Token economics' emergence is reshaping China's computing power map. Yet assessments of western energy converting to Token exports warrant caution.
Western opportunities genuinely exist. Regions like Qingyang and Baotou convert wind and solar resources into computing services priced in Tokens. China Telecom Ningxia Branch launched Token factory generation capacity service procurement in April 2026, with framework agreement scale reaching 17.438 billion yuan. This procurement doesn't directly purchase standardized Token assets but rather conducts large-scale centralized bidding for computing services and model-calling capabilities unified under Token billing.
Yet western limitations are equally evident. Wind and solar face consumption fluctuations and seasonal supply instability; green computing cannot provide all-day stable supply for large-scale model training. The west can only undertake offline large model training; high-frequency real-time inference and agent applications still require eastern low-latency computing. The "Eastern Data, Western Computing" project already includes cross-regional computing dispatch rules; if localities establish regional computing barriers through Token vouchers, this may conflict with top-level whole-nation integrated computing dispatch design.
Top-level design is keeping pace. From the "Eastern Data, Western Computing" project to national integrated computing network construction, from high-quality dataset development to data elements market reform, policy chains are gradually taking shape. Yet balancing local recruitment competition with national element free flow remains an unresolved challenge.
Many enterprises train models on remote public computing platforms; enterprise commercial datasets and user prompts travel cross-regionally with Tokens. Data export, privacy leakage, and training dataset copyright infringement compliance risks have yet to enter local computing subsidy pre-approval screening. Large-scale data breaches or copyright disputes could impact not only affected enterprises but also challenge the entire Token economy's legitimacy. This institutional dimension remains blank.

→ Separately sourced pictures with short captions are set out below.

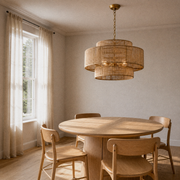 Room 1 angle | second view of honey-tan three-tier rope chandelier over round oak dining table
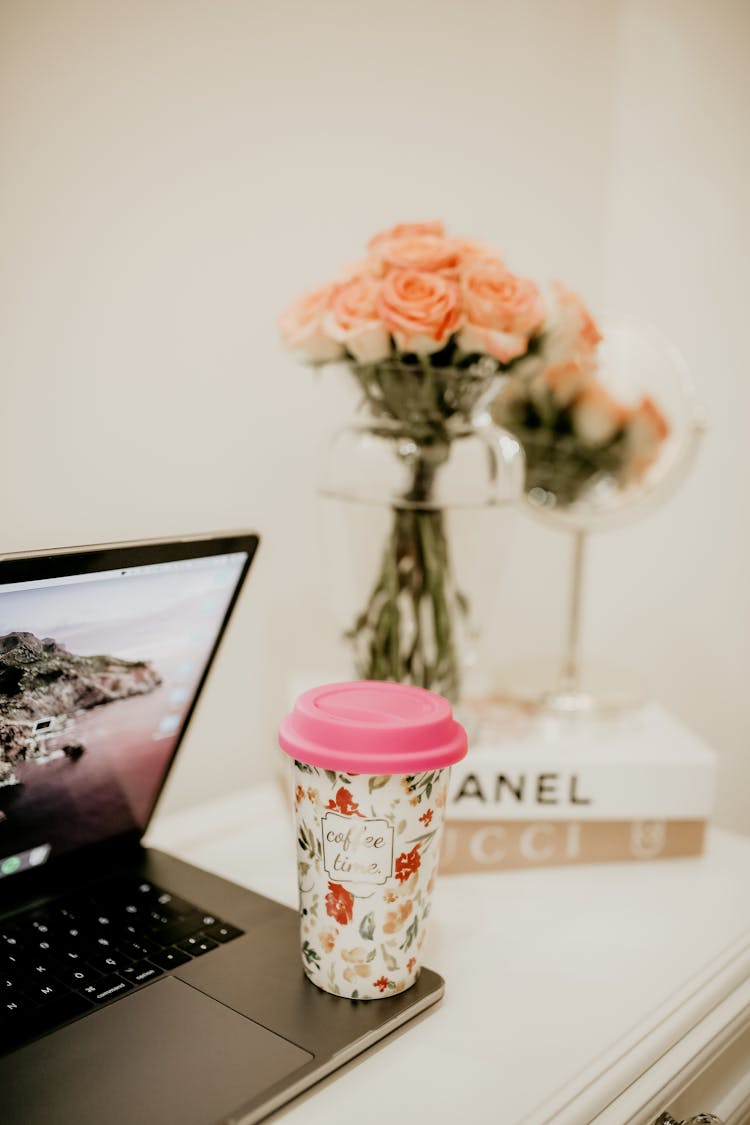 Pink And White Floral Tumbler On A Macbook Pro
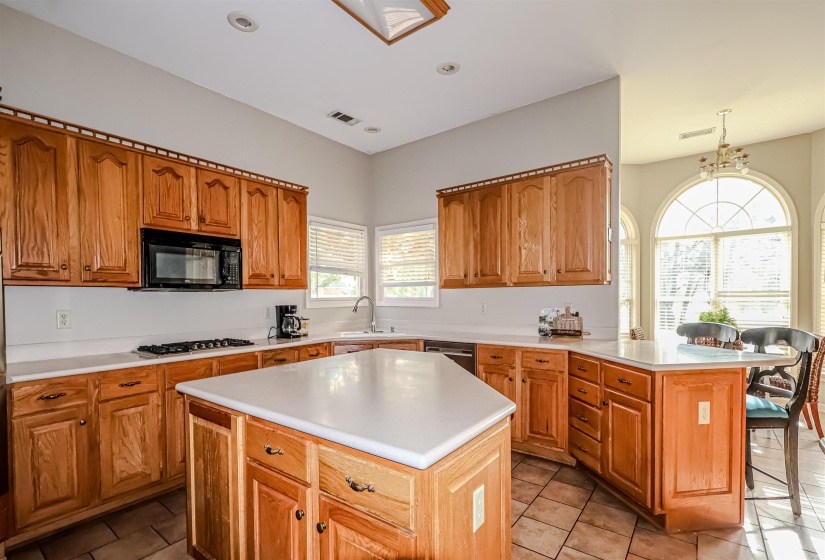 Kitchen featuring light countertops, a sink, black microwave, a peninsula, and gas stovetop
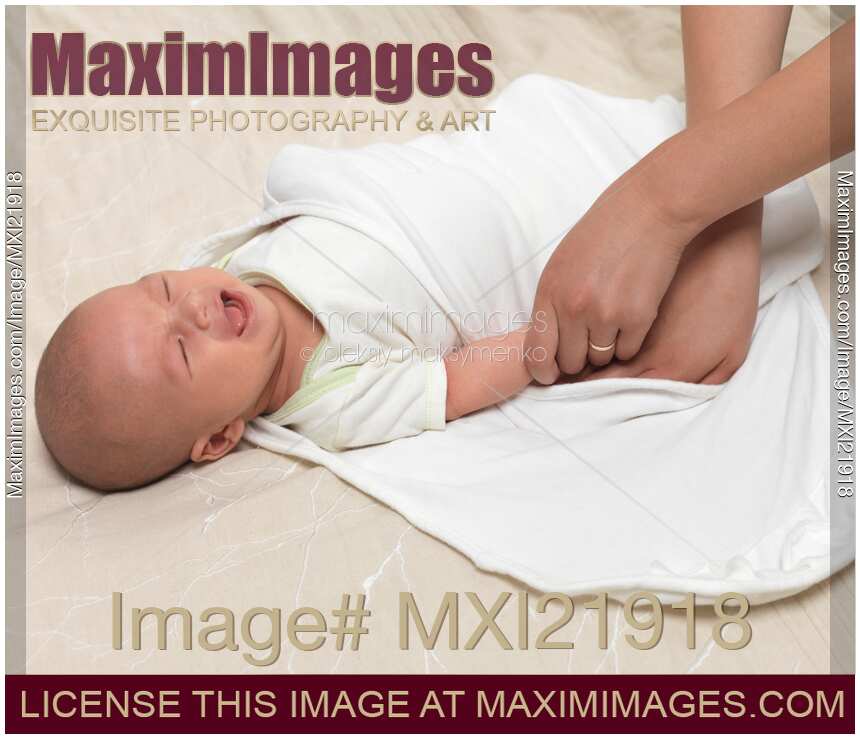 Photo of Mother Swaddling a Baby Stock Image MXI21918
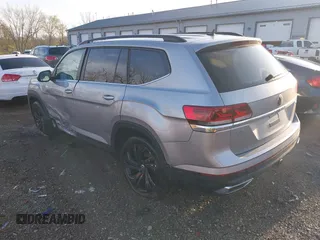 2023 Volkswagen Atlas SE with VIN 1V2HR2CA6PC523233, listed as a IAAI auction lot 41952399 with 28,387 mi miles and . Bid and sale history available at DreamBid. Image 3.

From "Eastern Data, Western Computing" to Token vouchers, computing power is transforming from national strategic infrastructure into local government recruitment leverage. This is not a race all cities can join. Qingyang relies on western-to-east computing plus ultra-low electricity prices; Wuhan relies on industrial foundation plus clean energy; Guiyang relies on years of data industry accumulation. More third and fourth-tier cities lacking green power, data, and AI scenarios face high-probability fiscal waste following blindly.
Whether Tokens become universally shared resources like hydropower or fall to monopoly by few computing hub cities depends on three variables: when unified measurement rules launch, how subsidy exit mechanisms are designed, and how cross-regional circulation is achieved.
Healthy Token economy development requires three layers of institutional constraints: first, the nation issue cross-model, cross-chip-architecture unified Token measurement national standards; second, each region bind computing subsidies to enterprise local tax, employment, and intellectual property landing performance, establishing 3-5 year phased subsidy reduction mechanisms; third, construct a nationwide integrated computing voucher universal redemption platform, breaking local computing property barriers, enabling Token elements to flow freely.
The real challenge is not choosing market or subsidy, but designing systems letting both coexist—letting markets discover prices, subsidies correct market failures, while avoiding subsidy distorting price signals. This balance point's discovery is only just beginning.